ABOUT THIS EXERCISE
Please reproduce, exactly and in full, the lines running from the one that contains "MOSCOW, RUSSIA - APRIL" to the end of the entries.

(Short text fragments from websites)
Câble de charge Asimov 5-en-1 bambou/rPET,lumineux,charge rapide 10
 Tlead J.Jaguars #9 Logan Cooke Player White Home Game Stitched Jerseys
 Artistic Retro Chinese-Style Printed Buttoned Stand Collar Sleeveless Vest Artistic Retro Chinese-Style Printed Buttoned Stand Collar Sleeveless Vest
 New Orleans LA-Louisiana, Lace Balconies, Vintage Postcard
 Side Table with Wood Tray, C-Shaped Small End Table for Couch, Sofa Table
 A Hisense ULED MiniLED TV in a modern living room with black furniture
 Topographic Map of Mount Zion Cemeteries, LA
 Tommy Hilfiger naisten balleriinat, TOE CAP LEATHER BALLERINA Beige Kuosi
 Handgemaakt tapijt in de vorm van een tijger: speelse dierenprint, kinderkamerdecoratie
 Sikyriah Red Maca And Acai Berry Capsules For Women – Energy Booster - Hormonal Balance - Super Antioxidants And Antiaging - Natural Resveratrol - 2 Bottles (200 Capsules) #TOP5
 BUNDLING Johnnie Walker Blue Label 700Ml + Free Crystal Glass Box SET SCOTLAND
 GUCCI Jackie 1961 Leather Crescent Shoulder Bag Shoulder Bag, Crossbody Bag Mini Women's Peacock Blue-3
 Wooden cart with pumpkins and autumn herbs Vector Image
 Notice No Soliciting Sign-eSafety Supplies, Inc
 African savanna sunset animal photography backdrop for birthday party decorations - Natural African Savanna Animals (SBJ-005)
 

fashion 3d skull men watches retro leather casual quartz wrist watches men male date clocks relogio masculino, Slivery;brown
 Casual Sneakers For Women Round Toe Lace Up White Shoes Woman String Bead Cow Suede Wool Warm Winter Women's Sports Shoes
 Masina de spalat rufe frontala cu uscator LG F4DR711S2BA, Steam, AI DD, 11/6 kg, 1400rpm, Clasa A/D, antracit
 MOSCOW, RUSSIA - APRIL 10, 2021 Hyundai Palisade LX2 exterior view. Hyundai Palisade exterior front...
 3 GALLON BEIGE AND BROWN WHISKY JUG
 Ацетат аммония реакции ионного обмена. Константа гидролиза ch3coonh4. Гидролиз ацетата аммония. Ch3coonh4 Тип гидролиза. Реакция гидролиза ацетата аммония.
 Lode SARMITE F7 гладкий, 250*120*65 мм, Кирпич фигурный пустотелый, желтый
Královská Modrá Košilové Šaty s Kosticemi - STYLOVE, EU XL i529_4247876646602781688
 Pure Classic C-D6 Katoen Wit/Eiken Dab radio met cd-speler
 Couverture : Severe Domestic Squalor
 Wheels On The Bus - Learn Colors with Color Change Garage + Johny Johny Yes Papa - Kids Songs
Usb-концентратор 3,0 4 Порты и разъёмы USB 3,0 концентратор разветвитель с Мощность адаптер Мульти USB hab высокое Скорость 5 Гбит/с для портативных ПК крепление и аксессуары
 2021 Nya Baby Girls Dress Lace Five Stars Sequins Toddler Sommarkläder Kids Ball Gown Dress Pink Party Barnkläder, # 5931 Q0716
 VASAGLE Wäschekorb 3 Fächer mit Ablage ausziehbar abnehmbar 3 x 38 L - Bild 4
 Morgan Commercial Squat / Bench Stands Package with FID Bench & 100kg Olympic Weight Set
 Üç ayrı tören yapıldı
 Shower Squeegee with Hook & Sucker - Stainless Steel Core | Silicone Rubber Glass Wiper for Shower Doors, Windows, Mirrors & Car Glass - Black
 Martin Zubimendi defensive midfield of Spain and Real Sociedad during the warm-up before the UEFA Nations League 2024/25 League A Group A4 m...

EXERCISE RESPONSE
 MOSCOW, RUSSIA - APRIL 10, 2021 Hyundai Palisade LX2 exterior view. Hyundai Palisade exterior front...
 3 GALLON BEIGE AND BROWN WHISKY JUG
 Ацетат аммония реакции ионного обмена. Константа гидролиза ch3coonh4. Гидролиз ацетата аммония. Ch3coonh4 Тип гидролиза. Реакция гидролиза ацетата аммония.
 Lode SARMITE F7 гладкий, 250*120*65 мм, Кирпич фигурный пустотелый, желтый
Královská Modrá Košilové Šaty s Kosticemi - STYLOVE, EU XL i529_4247876646602781688
 Pure Classic C-D6 Katoen Wit/Eiken Dab radio met cd-speler
 Couverture : Severe Domestic Squalor
 Wheels On The Bus - Learn Colors with Color Change Garage + Johny Johny Yes Papa - Kids Songs
Usb-концентратор 3,0 4 Порты и разъёмы USB 3,0 концентратор разветвитель с Мощность адаптер Мульти USB hab высокое Скорость 5 Гбит/с для портативных ПК крепление и аксессуары
 2021 Nya Baby Girls Dress Lace Five Stars Sequins Toddler Sommarkläder Kids Ball Gown Dress Pink Party Barnkläder, # 5931 Q0716
 VASAGLE Wäschekorb 3 Fächer mit Ablage ausziehbar abnehmbar 3 x 38 L - Bild 4
 Morgan Commercial Squat / Bench Stands Package with FID Bench & 100kg Olympic Weight Set
 Üç ayrı tören yapıldı
 Shower Squeegee with Hook & Sucker - Stainless Steel Core | Silicone Rubber Glass Wiper for Shower Doors, Windows, Mirrors & Car Glass - Black
 Martin Zubimendi defensive midfield of Spain and Real Sociedad during the warm-up before the UEFA Nations League 2024/25 League A Group A4 m...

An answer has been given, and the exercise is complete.